(YOUR GOAL) Look below for the line that contains "You will see" and the line that contains "Second term: differentiating", then restate both of them and every line in between, exactly. No picture goes in the copy.

(DATA PROVIDED)

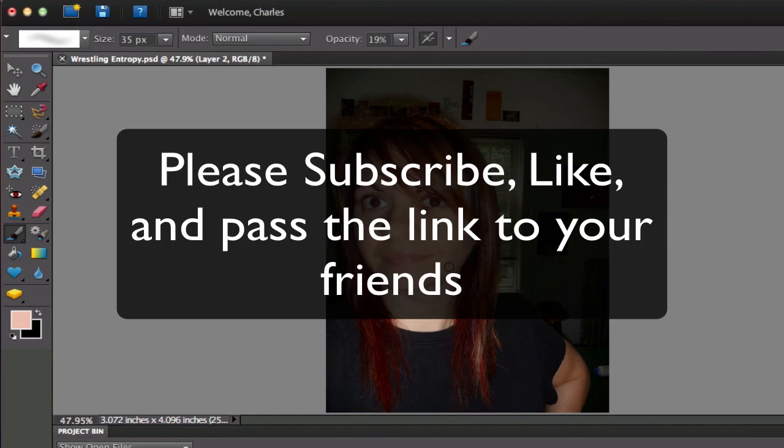This is Chucky from Digital Goulash. If you haven't done so already, please subscribe to my videos, give me a like there and pass on my link to your friends. Cheers!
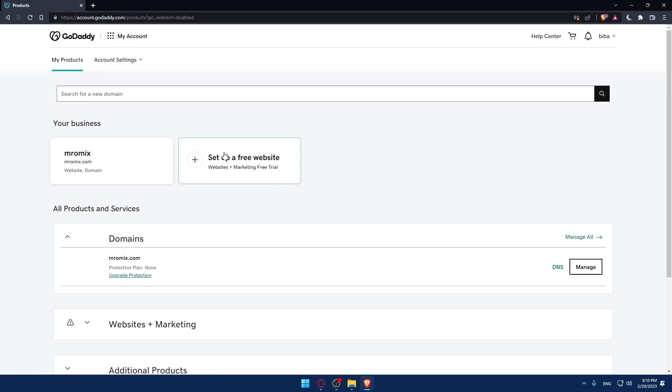From here, you will have to select the SSL certificate and do one of the following for the certificate you want to renew. You can select the certificate you want to renew, simply select Continue to Cart, and complete the transaction for your renewal.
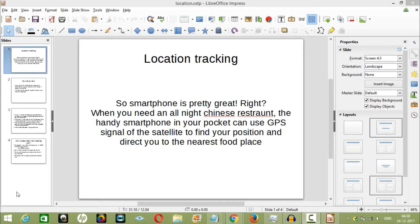So, smartphone is pretty great, right? When you need an all-night Chinese restaurant, the handy phone in your pocket can use GPS signal of satellites to find your position and direct you to the nearest food place.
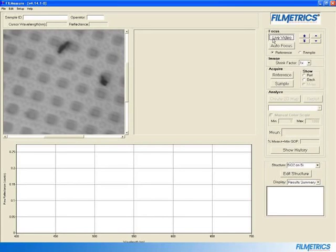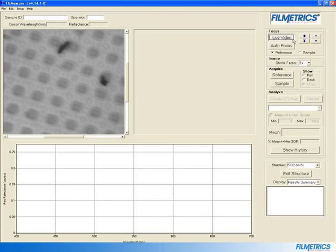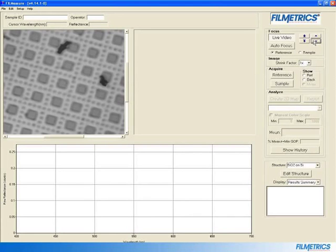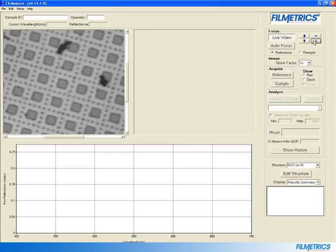Click on the reference radio button if it is not already selected. Then click on the up and down arrows next to the Live Video button until your image is in focus. The double arrows will move the stage arm of the system up and down quickly, while the single arrows can be used for fine adjustments.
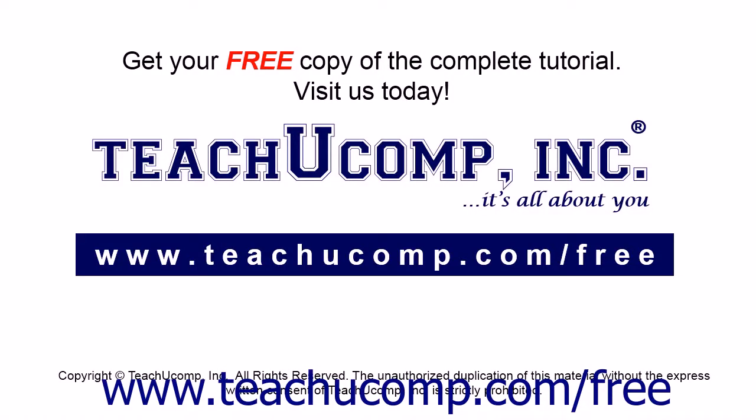Get your free copy of the complete tutorial at www.teachucomp.com/free.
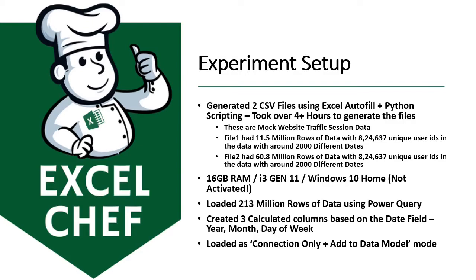I loaded 213 million rows of data using Power Query. I'll show you a live demo of this. I created three calculated columns based on the date field - year, month, and day of the week. These columns are dynamically generated when the data is loaded, and I loaded them as connection only plus add to data model mode.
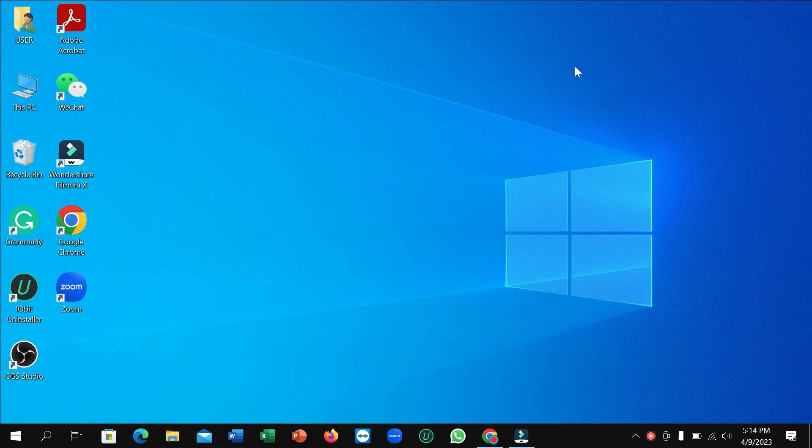First of all, you need to connect the internet to your laptop or desktop and then go to the taskbar. Here you can see the Microsoft Store, just open it.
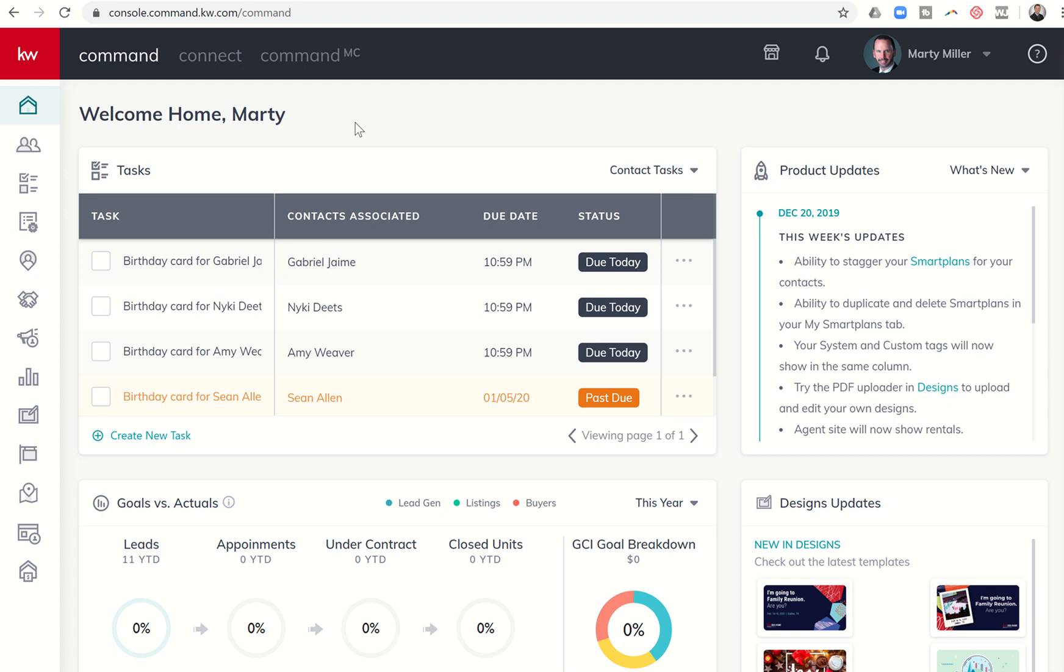Good evening, Keller Williams, and welcome back to the KW Command 66 Day Challenge 3.0, Day 43.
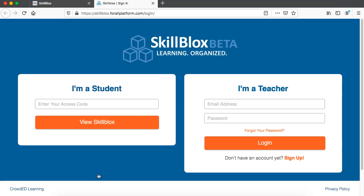You will see two sides. On the student side, this is where a student would enter an access code that you give them for a skill block that you've created, and then on the teacher side you have this login screen as well.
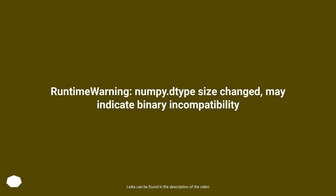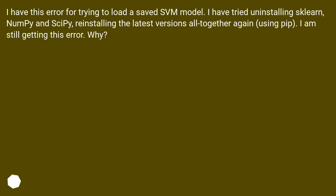RuntimeWarning: NumPy dtype size changed, may indicate binary incompatibility. I have this error when trying to load a saved SVM model. I have tried uninstalling scikit-learn, NumPy, and SciPy, and reinstalling the latest versions all together again using pip. I am still getting this error. Why?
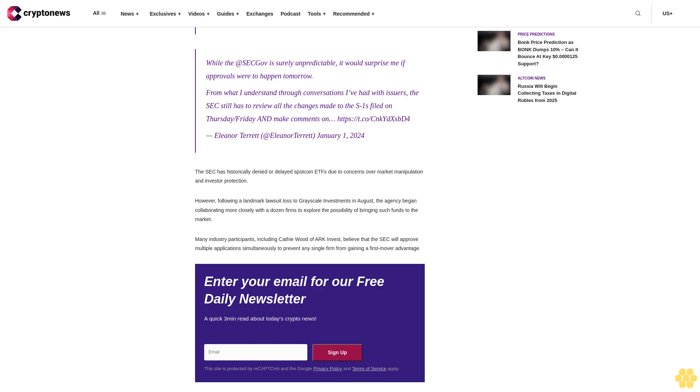Many industry participants, including Kathy Wood of ARK Invest, believe that the SEC will approve multiple applications simultaneously to prevent any single firm from gaining a first-mover advantage.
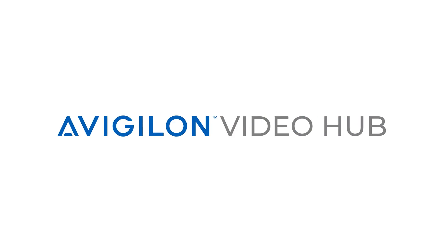To learn more, visit the link in the description below. And for more Avigilon videos, subscribe to this channel.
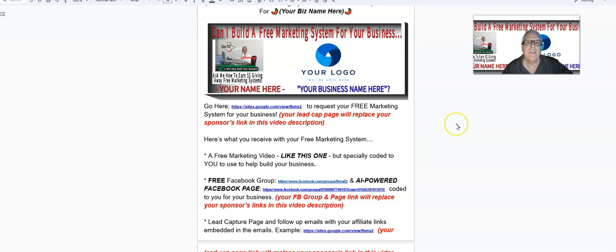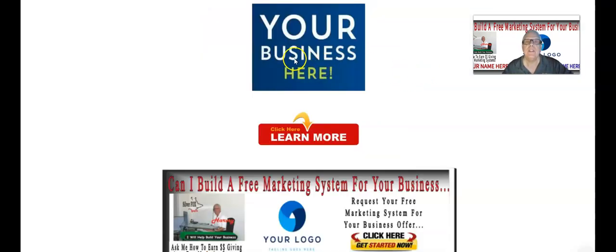In the description of this video, go ahead and click on this lead capture page. This happens to be your sponsor's lead capture page to request your free marketing system for your business. When I produce a video like this for you, I'm going to take out your sponsor's lead capture page and replace it with yours.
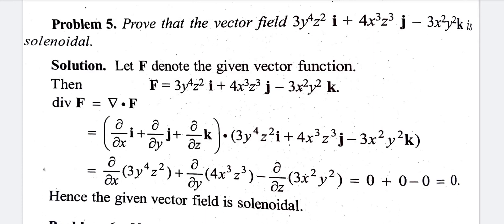Second term: differentiating 4x³z³ with respect to y — x and z are constants, so this is also 0. Third term: differentiating 3x²y² with respect to z — x and y are constants, so this is 0. Therefore divergence equals 0, and the vector field is solenoidal.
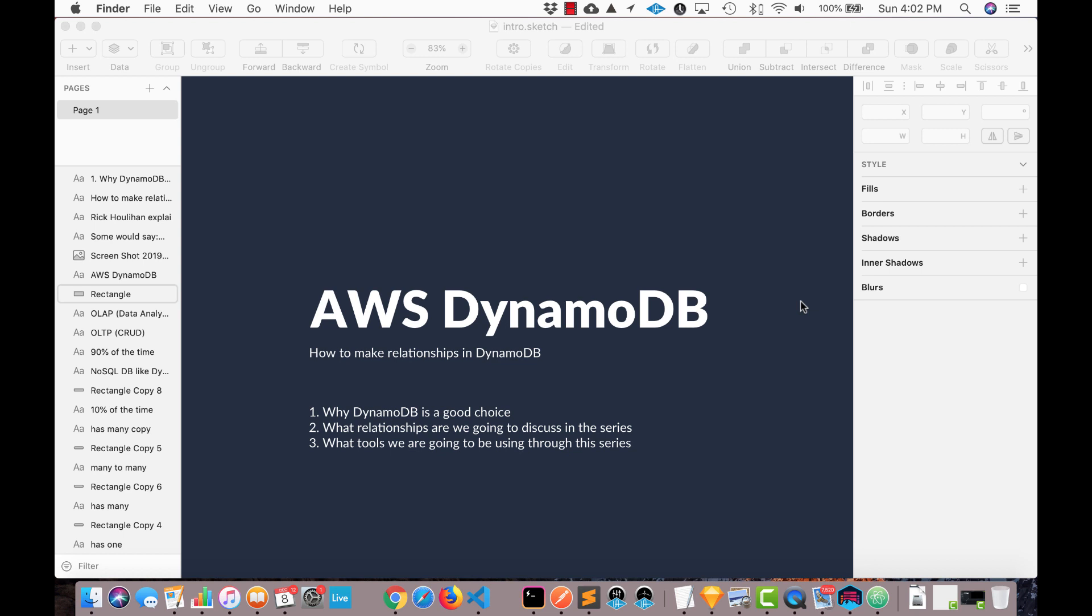Hey everyone, in this series we're going to take a look at DynamoDB and how to work with relationships in our data. In this video we're going to look at why DynamoDB is a good choice, we're going to look at some of the relationships we're going to be discussing in this series and some of the tools we're going to use.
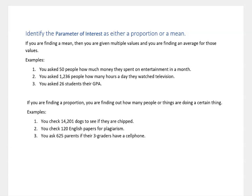You ask 26 students their GPA. They each give you their GPA and you find an average. That's finding a mean. If you're finding a proportion, you're finding out how many people or things are doing a certain thing that you're interested in.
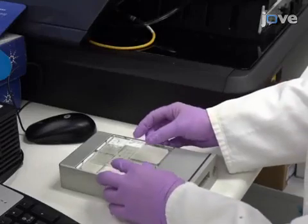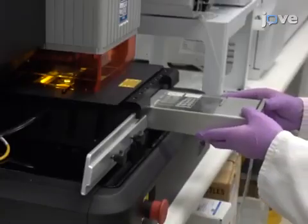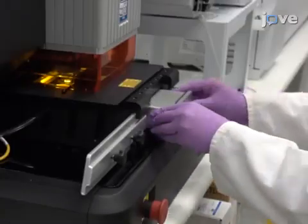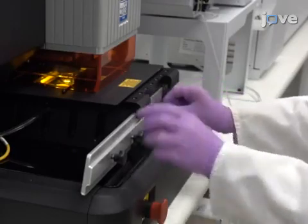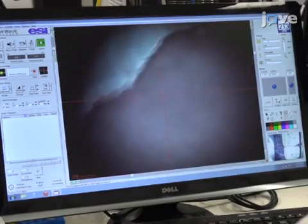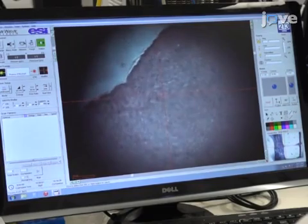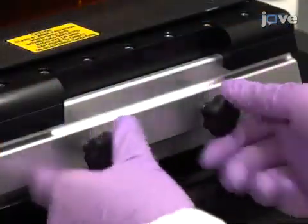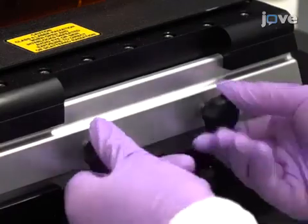First, place a brain tissue sample and all matrix matched tissue standards in the laser ablation chamber. Ensure that the samples are within the LA-ICP-MS camera depth of field. Close the chamber door and finger tighten the screws.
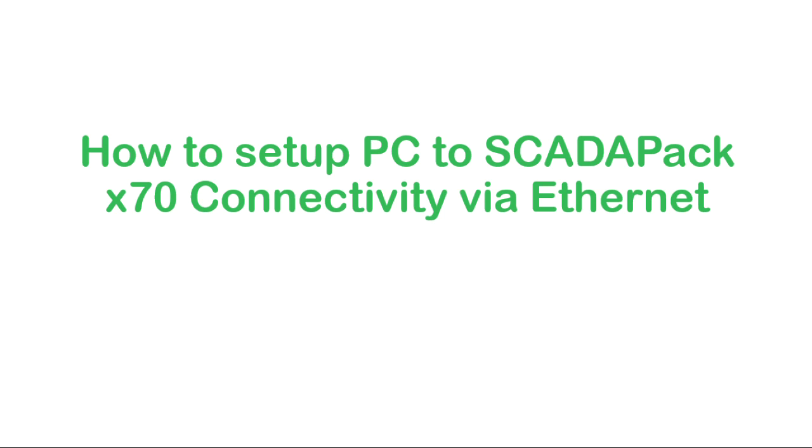In this video we'll learn how to set up Ethernet connectivity with the ScadaPack X70. A ScadaPack is a smart microprocessor-based telemetry and control device that can help to remotely monitor and control physical objects.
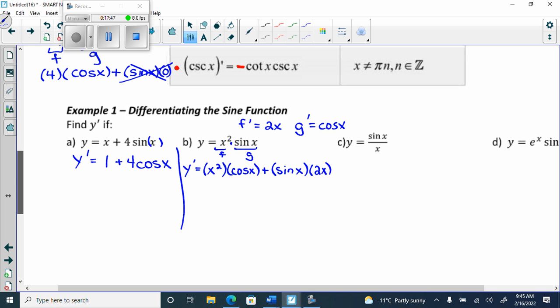If you technically did the top of a quotient rule — g f prime minus f g prime — but replaced the minus with a plus, you'd get the same thing for product rule. You can memorize it as g f prime plus f g prime. It's the same terms just flipped, and with a plus sign, flipping doesn't change anything. Quotient rule has to be in a specific order, but product rule doesn't.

(RESULT OF THIS TASK)
You will see two sides. On the student side, this is where a student would enter an access code that you give them for a skill block that you've created, and then on the teacher side you have this login screen as well.
RuntimeWarning: NumPy dtype size changed, may indicate binary incompatibility. I have this error when trying to load a saved SVM model. I have tried uninstalling scikit-learn, NumPy, and SciPy, and reinstalling the latest versions all together again using pip. I am still getting this error. Why?
Many industry participants, including Kathy Wood of ARK Invest, believe that the SEC will approve multiple applications simultaneously to prevent any single firm from gaining a first-mover advantage.
To learn more, visit the link in the description below. And for more Avigilon videos, subscribe to this channel.
In the description of this video, go ahead and click on this lead capture page. This happens to be your sponsor's lead capture page to request your free marketing system for your business. When I produce a video like this for you, I'm going to take out your sponsor's lead capture page and replace it with yours.
Second term: differentiating 4x³z³ with respect to y — x and z are constants, so this is also 0. Third term: differentiating 3x²y² with respect to z — x and y are constants, so this is 0. Therefore divergence equals 0, and the vector field is solenoidal.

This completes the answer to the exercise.